Yukarıdaki yönteme göre B(a)P'nin indüklediği kanser modeli fareler, Şekil 4A'da gösterildiği gibi rastgele altı gruba ayrıldı.G-Rg3 tedavi grubunda kontrol grubuyla karşılaştırıldığında anlamlı bir kilo kaybı veya klinik toksisite belirtileri gözlenmedi (veriler gösterilmemiştir).20 haftalık tedavinin ardından her farenin akciğerleri toplandı.Şekil 4B, yukarıdaki tedavi gruplarındaki farelerdeki makroskopik akciğer tümörlerini gösterir ve Şekil 4C, temsili bir tümörün temsili bir ışık mikrografını gösterir.Her gruptaki tümör yüküne ilişkin olarak (Şekil 4D), G-Rg3r ve G-Rg3'lerle tedavi edilen farelerin değerleri sırasıyla 0,75 ± 0,29 mm3 ve 0,81 ± 0,30 mm3 iken, tedavi edilen G Farelerin değerleri -Rg3'lerle sırasıyla 1,63 ±0,40 mm3 idi.kontrol fareleri (p < 0.001), bu da G-Rg3 tedavisinin farelerde tümör yükünü azalttığını gösterir.Verapamil uygulanması bu azalmayı daha da arttırdı: verapamil+ G-Rg3r farelerindeki değerler 0,75 ± 0,29 mm3'ten 0,33 ± 0,25 mm3'e (p < 0,01) düştü ve verapamil+ için 0,81 ± 0,30 mm3'ten değerler 0,29 ± 0,21'e düştü G.-Rg3s ile tedavi edilen farelerde mm3 (p < 0.05), bu da verapamilin G-Rg3'ün tümör oluşumu üzerindeki önleyici etkisini artırabileceğini gösterir.Tümör yükü, kontrol grubu ile verapamil grubu, G-Rg3r grubu ile G-Rg3s grubu ve verapamil+G-Rg3r grubu ile verapamil+G-Rg3s grubu arasında anlamlı bir fark göstermedi.Ayrıca değerlendirilen tedavilerle ilişkili önemli bir karaciğer veya böbrek toksisitesi yoktu (Şekil 4E,F).
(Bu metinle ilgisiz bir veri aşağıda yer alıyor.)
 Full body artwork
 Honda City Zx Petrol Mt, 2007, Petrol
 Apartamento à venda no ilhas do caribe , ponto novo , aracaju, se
Belirtilen gruplarda G-Rg3 tedavisinden sonra tümör yükü ve plazma veya bağırsak G-Rg3r ve G-Rg3 seviyeleri.(A) Deneysel tasarım.(B) Fare modelindeki makroskopik tümörler.Tümörler oklarla gösterilmiştir.a: G-Rg3r.b: G-Rg3'ler.c: Verapamil ile kombinasyon halinde G-Rg3r.d: Verapamil ile kombinasyon halinde G-Rg3.d: Verapamil.e: kontrol.(C) Tümörün büyütülmüş optik mikrografı.Cevap: 100x.b: 400X.(D) A/J farelerinde G-Rg3 + verapamil tedavisinin tümör yükü üzerindeki etkisi.(E) Karaciğer enzimi ALT'nin plazma seviyeleri.(F) Böbrek enzimi Cr'nin plazma seviyeleri.(G) Belirtilen grupların G-Rg3r veya G-Rg3'ün plazma seviyeleri.(H) Belirtilen grupların bağırsaklarındaki G-Rg3r veya G-Rg3 seviyeleri.Veriler, üçlü belirlemelerin ortalama ± standart sapması olarak ifade edilir.*P <0,05, **P <0,01, ***P <0,001.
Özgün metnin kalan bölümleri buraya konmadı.